# Clematis and buttercup in pasture



## Anna by the forest (May 20, 2018)

Hello! I'm planning a larger and better enclosure for my 2 Nigerian dwarfs. When going through the flora in the area where I plan to keep them I've discovered two plants that concerns me: Creeping buttercup, lots and lots, and some wild form of clematis that seems very invasive. From what I have read it seems that buttercup is poisonous in large doses, but is bitter and not well liked by goats if there are other options. I haven't found much on clematis.
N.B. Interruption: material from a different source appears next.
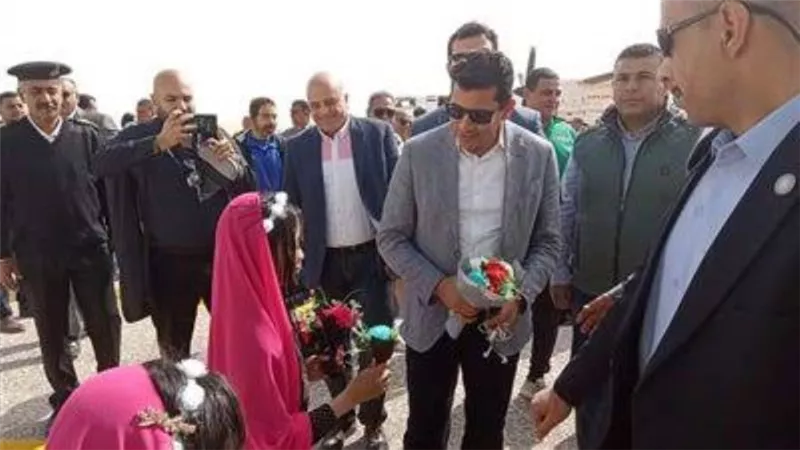 وزير الرياضة يختتم زيارته لمحافظة الوادي الجديد بتفقد أنشطة أندية الفتاة والمرأة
Not only am I a beginner with goats, I know very little about gardening and plants as well... I tried some homemade spray made out of water, vinegar and Epsom salt to see if that would work, but it didn't seem very effective on buttercups, and I'm not sure if that would be good for the goats either. 
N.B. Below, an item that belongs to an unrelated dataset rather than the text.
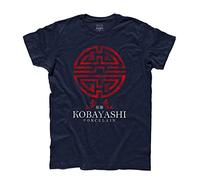 3styler Kobayashi T-shirt pour homme en porcelaine - Les suspects habituels - The Usual Suspects - Ligne classique - 100 % coton 185 g/m², bleu, XL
I'm curious about how other experienced goat owners tackle these issues?


----------



## GoatKids (Apr 8, 2018)

How big is your pasture you're keeping them in? If it was me, I would grab my handy shovel and dig them up. Maybe try another home remedy or buy a pet safe weed killer.


----------



## Deborah Haney (Jul 11, 2017)

We have clematis and creeping buttercup in our yard, the buttercup is everywhere but the goats don't eat it at all. The clematis is only in one spot and I haven't seen them eat it except once when Max was a brand new kid trying to figure out what was food. If they were my goats I would have no problem letting them around it, provided there was food for them nearby.


----------



## Goat town (May 6, 2018)

I have found that the things that are not good for goats they won't eat anyway. Mine are really smart that way


----------



## Anna by the forest (May 20, 2018)

Turns out my goats are pretty smart too, I haven't seen them eat the buttercup or clematis yet either.


----------



## 15WildTurkey (Apr 13, 2015)

Keep an eye, it seems that if they were raised with a herd on pasture they have a better understanding. Some are instinctual and some are opportunistic.


----------



## toth boer goats (Jul 20, 2008)

Old post.


----------



## 15WildTurkey (Apr 13, 2015)

Duh. Thanks.


----------